Opinion
(September Term, 1889.)
Statute Limitations — Costs — New Promise — Administration.
1. A written acknowledgement, or new promise, certain in its terms, or which can be made certain, is sufficient to repel the operations of the statute of limitations, under section 172 of the Code.
2. When the court found as a fact that the defendant executor for eleven years resisted payment of the debts sued on, because he doubted the genuineness of the acknowledgement, or new promise, set up by plaintiff in reply to defendant's plea of statute of limitations. Held, that the defendant might have had an inspection of the paper containing such alleged promise, and there was an unreasonable delay of payment, and the defendant was liable for costs.
EXCEPTIONS to report of referee, heard by Shipp, J., at the July Term, 1889, of ALEXANDER.
The facts are stated in the opinion.
M. L. McCorkle, D. M. Furches, and F. L. Cline for plaintiff.
R. Z. Linney and E. B. Jones for defendant.
There are only two points taken by the defendant's exceptions.

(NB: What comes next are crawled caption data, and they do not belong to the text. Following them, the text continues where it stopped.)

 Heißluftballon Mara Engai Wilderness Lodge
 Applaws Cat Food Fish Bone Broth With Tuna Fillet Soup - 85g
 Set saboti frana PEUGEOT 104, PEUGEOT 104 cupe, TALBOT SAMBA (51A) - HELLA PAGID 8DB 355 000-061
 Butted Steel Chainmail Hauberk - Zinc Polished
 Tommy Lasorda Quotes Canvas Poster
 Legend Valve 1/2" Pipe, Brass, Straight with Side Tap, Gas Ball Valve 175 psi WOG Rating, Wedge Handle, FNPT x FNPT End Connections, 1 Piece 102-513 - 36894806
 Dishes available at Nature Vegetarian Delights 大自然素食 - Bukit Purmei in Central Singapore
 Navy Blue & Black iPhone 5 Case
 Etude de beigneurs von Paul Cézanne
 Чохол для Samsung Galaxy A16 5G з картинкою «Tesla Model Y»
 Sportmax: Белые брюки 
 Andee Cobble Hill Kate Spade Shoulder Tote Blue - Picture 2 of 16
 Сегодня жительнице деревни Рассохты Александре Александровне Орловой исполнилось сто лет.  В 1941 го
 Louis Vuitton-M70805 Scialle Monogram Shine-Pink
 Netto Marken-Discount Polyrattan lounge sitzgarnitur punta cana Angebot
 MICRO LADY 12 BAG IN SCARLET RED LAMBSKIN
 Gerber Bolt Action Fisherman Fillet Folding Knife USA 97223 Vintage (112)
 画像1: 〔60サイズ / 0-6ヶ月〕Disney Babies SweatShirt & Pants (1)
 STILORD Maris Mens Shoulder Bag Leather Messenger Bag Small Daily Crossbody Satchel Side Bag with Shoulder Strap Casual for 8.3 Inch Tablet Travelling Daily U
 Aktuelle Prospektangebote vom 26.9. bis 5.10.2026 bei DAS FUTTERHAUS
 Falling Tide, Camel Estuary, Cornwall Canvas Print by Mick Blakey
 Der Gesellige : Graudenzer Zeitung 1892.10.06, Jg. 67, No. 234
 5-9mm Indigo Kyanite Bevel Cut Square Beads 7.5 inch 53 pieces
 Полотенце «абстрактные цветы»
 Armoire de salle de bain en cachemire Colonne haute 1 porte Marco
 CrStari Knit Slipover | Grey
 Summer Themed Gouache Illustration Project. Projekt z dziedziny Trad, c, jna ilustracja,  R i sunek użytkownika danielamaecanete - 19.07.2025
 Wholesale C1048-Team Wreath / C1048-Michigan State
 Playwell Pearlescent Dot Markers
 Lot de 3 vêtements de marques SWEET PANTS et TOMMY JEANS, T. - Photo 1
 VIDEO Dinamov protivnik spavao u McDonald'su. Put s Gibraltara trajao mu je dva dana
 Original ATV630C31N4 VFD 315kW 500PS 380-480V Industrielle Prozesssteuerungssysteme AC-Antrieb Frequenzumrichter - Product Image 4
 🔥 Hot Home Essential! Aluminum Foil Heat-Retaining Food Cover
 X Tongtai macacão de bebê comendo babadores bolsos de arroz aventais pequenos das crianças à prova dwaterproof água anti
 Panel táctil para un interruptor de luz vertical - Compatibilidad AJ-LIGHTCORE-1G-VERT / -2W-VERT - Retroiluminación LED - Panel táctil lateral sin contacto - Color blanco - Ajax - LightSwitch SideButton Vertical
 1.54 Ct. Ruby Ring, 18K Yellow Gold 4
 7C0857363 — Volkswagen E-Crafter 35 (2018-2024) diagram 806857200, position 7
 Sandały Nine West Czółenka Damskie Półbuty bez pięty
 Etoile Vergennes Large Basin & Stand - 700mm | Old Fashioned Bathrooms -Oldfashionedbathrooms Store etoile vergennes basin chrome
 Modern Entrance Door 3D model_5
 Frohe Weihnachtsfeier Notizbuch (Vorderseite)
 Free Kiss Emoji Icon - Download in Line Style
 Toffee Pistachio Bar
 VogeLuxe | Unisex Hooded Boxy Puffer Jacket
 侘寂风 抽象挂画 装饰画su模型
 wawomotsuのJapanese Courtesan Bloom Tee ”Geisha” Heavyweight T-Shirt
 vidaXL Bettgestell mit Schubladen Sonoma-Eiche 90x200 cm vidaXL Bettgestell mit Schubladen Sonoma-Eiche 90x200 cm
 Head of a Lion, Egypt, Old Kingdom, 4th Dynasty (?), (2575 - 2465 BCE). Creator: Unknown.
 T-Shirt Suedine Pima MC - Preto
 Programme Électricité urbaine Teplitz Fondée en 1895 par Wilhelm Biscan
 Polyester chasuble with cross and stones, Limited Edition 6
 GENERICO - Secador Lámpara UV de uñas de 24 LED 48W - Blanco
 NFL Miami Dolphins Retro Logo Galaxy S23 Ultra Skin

First Exception. — Does the paper-writing of 5 September, 1876, have the effect of removing the statutory bar interposed by the defendant's answer against the plaintiff's right of recovery? The said writing is in the following words and figures, to wit:
"Samuel Reed, debtor to G. W. Long by book account for goods bought in 1859 up to the present date, amounting to two hundred and fifty dollars ($250) or upwards. I do this day acknowledge the debt and will pay the same. This 5 September, 1876.
"SAMUEL (his X mark) REED. "Witness: W. W. DOWNS."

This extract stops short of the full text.